What to do
From the entries, copy every line that carries the string "Photo".

Provided material
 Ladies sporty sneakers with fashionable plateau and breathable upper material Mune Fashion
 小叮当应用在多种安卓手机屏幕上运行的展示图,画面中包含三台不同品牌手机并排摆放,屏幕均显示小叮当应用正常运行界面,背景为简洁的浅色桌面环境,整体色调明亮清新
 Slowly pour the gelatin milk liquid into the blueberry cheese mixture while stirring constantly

--

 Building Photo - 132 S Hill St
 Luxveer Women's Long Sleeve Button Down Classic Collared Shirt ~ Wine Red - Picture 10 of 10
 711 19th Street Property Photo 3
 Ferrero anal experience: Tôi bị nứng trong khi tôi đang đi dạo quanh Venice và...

Your solution
 Building Photo - 132 S Hill St
 711 19th Street Property Photo 3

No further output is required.